What to do: Take the line containing "Image 1/9 of Studebaker Avanti II (1975)" and every line below it through the end of the entries, and output them verbatim, pictures excluded.

START Dataset records

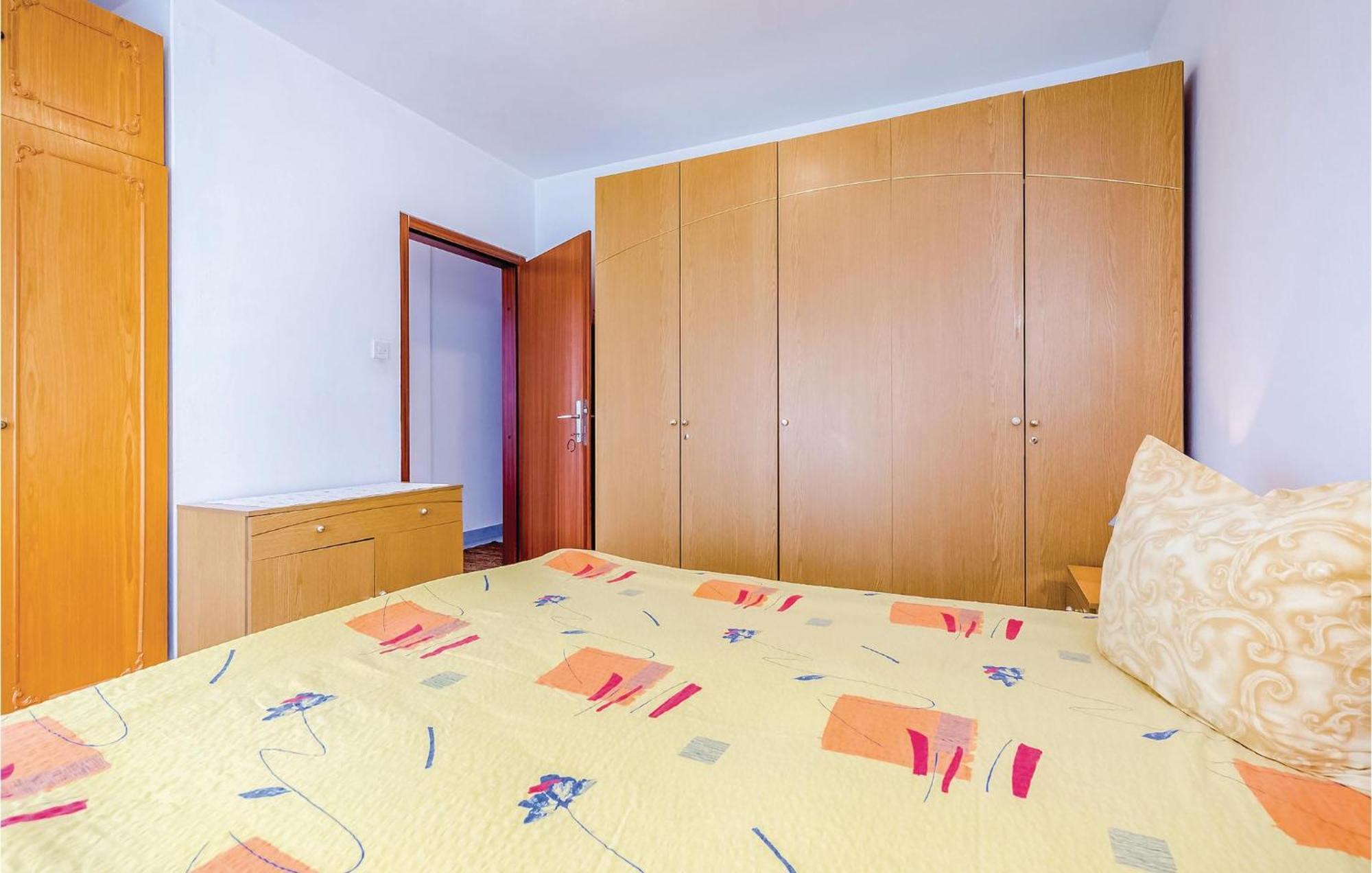 Beautiful Apartment In Novi Vinodolski Ngoại thất bức ảnh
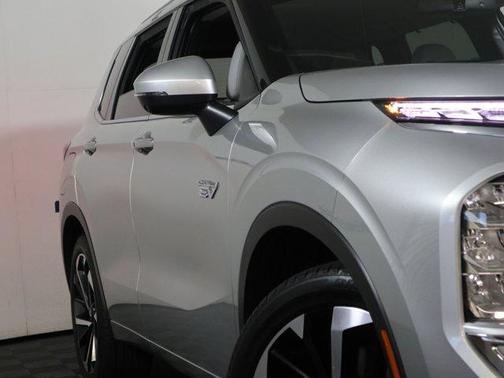 2024 Mitsubishi Outlander SEL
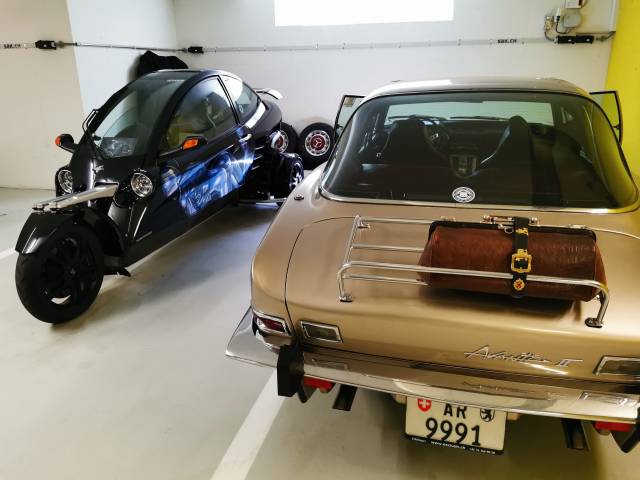 Image 1/9 of Studebaker Avanti II (1975)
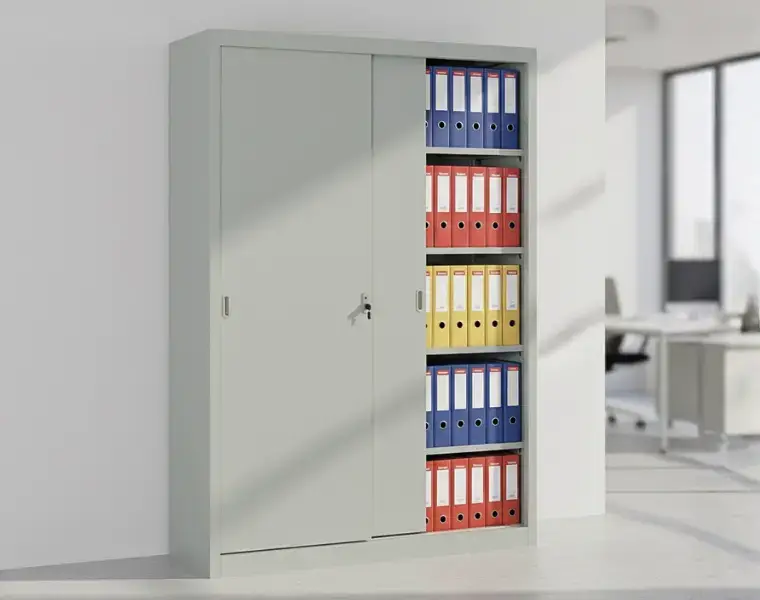 Kovové kancelářské a spisové skříně uzamykatelné Kovové kancelářské a spisové skříně uzamykatelné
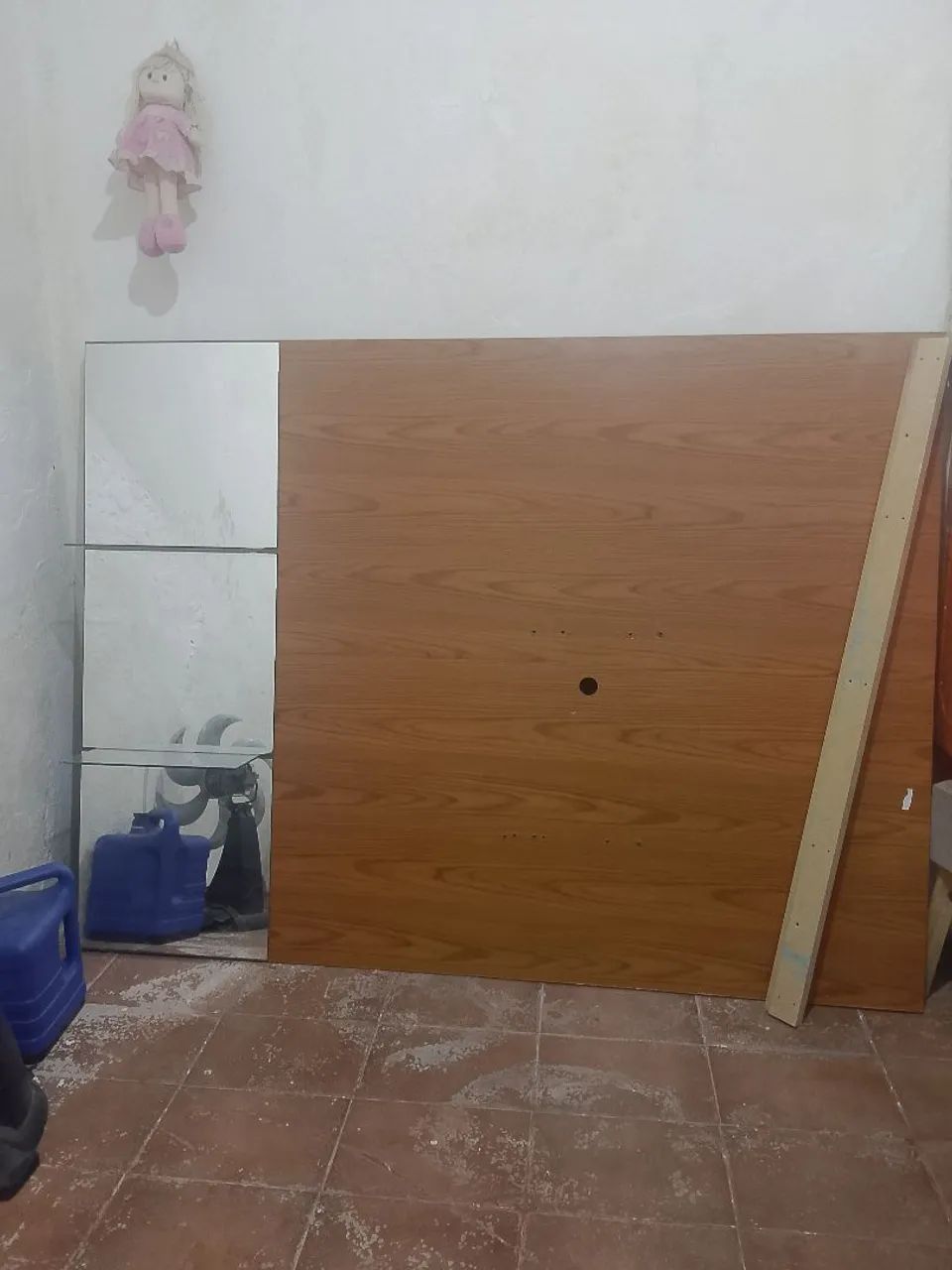 Painel com espelho  e prateleira de vidro - Foto 4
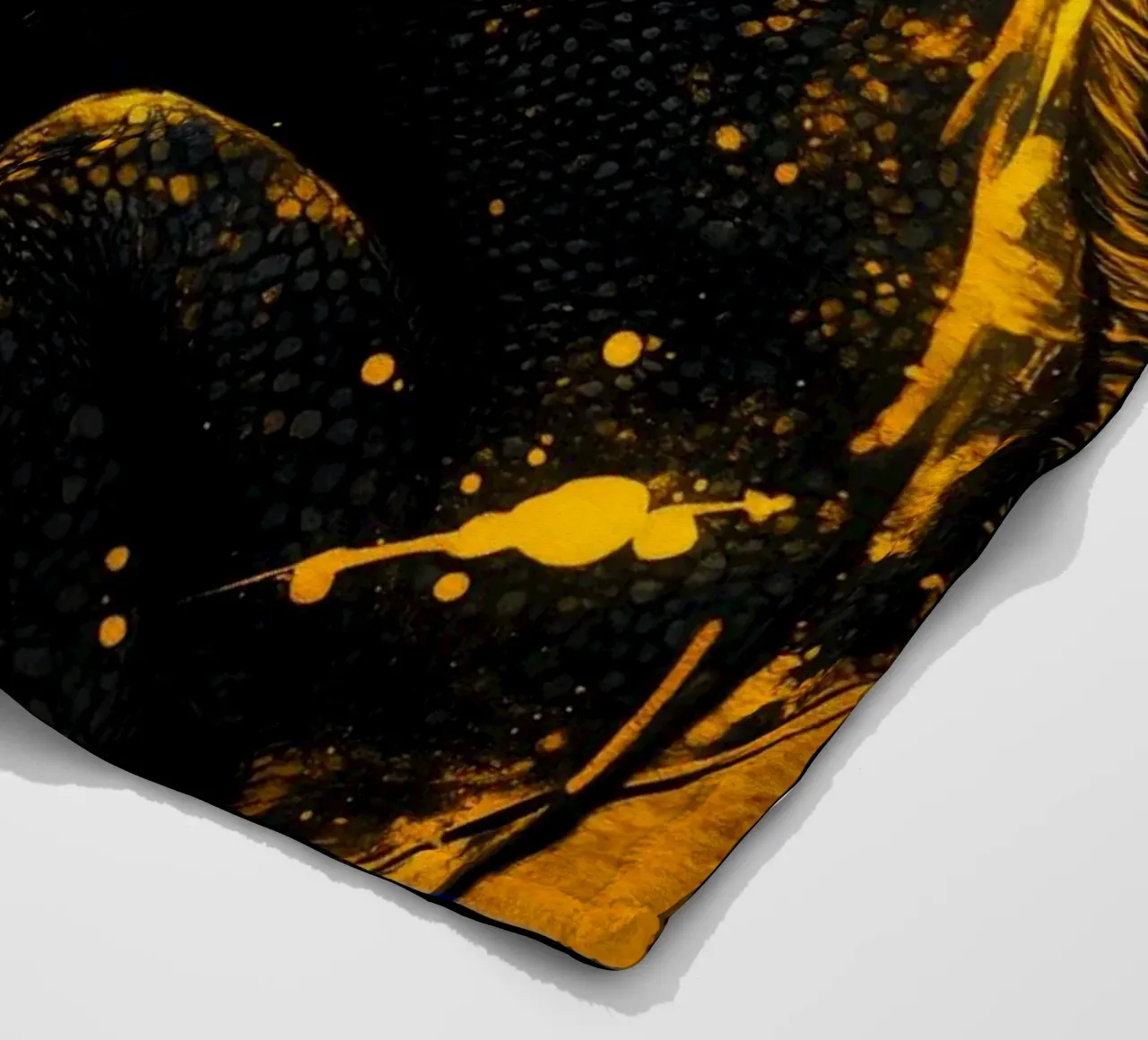 Camaleonte d'oro coperta in pile da Justyna Jaszke JBJart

END Dataset records

The answer:
 Image 1/9 of Studebaker Avanti II (1975)
 Kovové kancelářské a spisové skříně uzamykatelné Kovové kancelářské a spisové skříně uzamykatelné
 Painel com espelho  e prateleira de vidro - Foto 4
 Camaleonte d'oro coperta in pile da Justyna Jaszke JBJart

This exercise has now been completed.